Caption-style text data
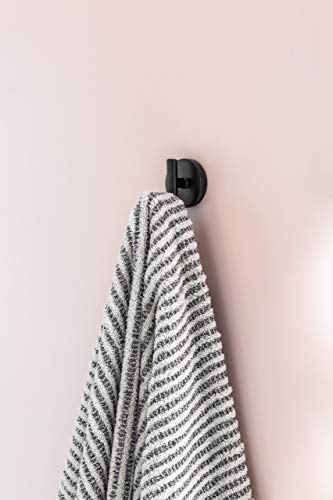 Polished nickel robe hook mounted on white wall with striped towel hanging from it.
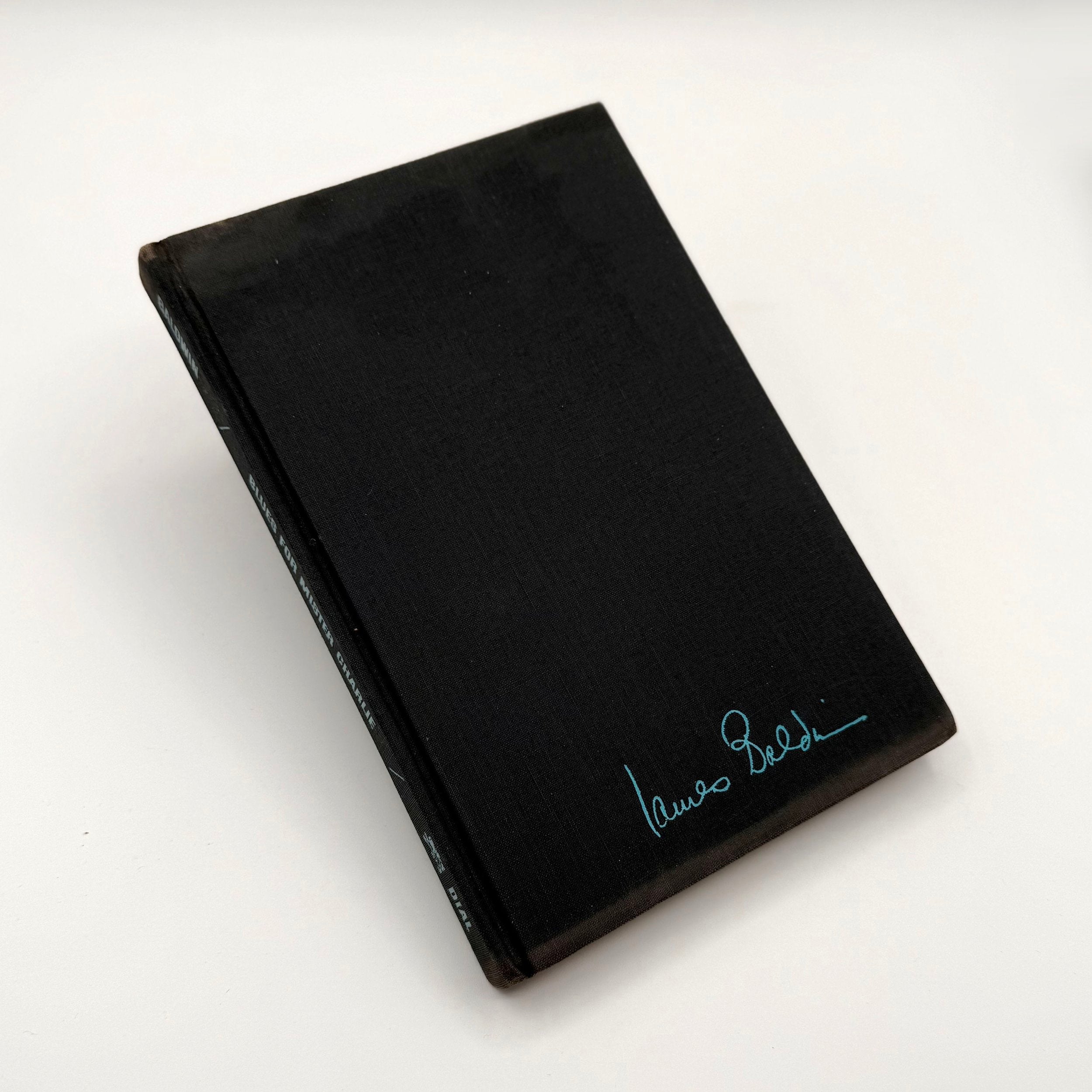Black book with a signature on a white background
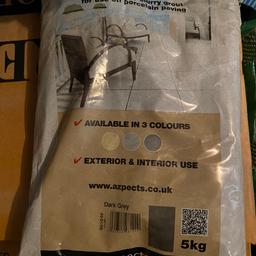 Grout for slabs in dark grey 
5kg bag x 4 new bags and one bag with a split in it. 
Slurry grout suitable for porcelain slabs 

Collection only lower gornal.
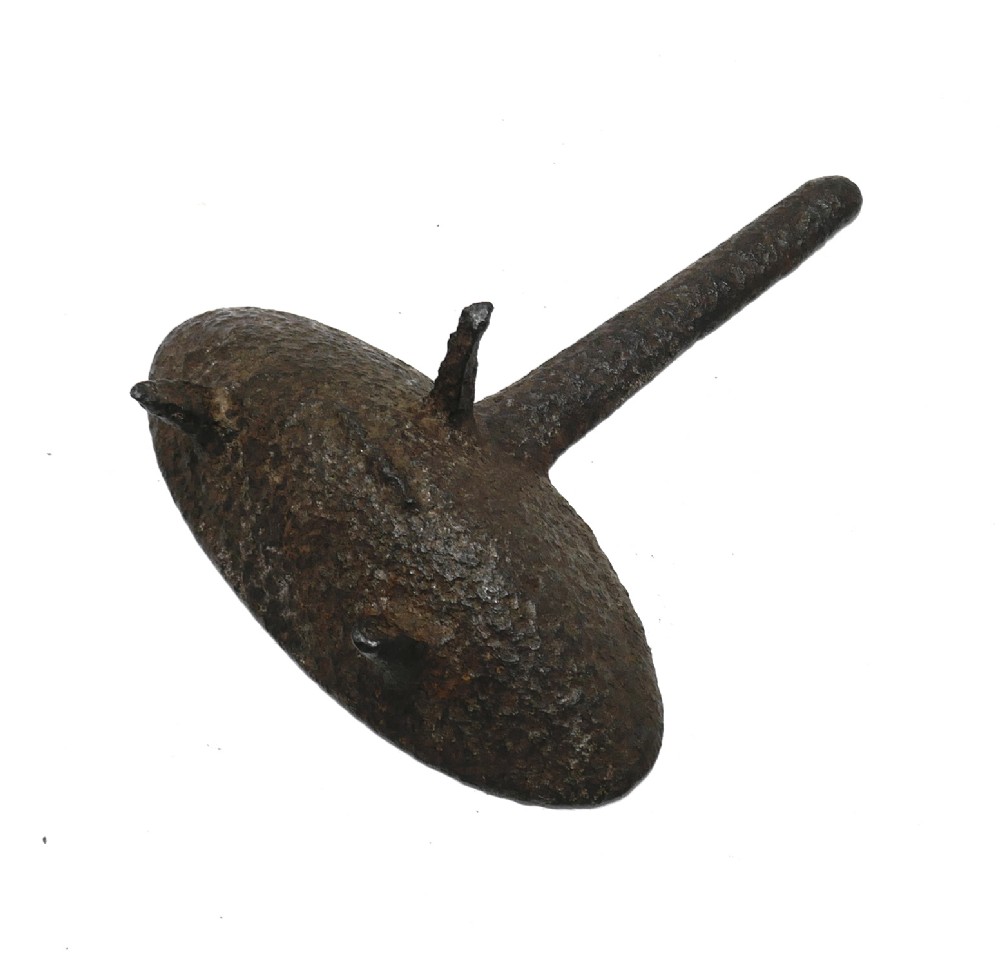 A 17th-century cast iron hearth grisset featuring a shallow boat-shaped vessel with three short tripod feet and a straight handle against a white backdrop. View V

---

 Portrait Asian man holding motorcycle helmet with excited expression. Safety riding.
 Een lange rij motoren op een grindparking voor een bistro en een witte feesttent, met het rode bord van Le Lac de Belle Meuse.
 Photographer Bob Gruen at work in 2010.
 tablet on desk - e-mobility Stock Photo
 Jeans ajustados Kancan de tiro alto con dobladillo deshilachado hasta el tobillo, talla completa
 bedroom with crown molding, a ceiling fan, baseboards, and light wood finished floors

### Your objective:
Word for word, retype the lines in the entries above that run from the one with "Polished nickel robe" through the one with "A 17th-century cast". Both ends count; pictures do not.

### Solution to the problem:
 Polished nickel robe hook mounted on white wall with striped towel hanging from it.
Black book with a signature on a white background
 Grout for slabs in dark grey 
5kg bag x 4 new bags and one bag with a split in it. 
Slurry grout suitable for porcelain slabs 

Collection only lower gornal.
 A 17th-century cast iron hearth grisset featuring a shallow boat-shaped vessel with three short tripod feet and a straight handle against a white backdrop. View V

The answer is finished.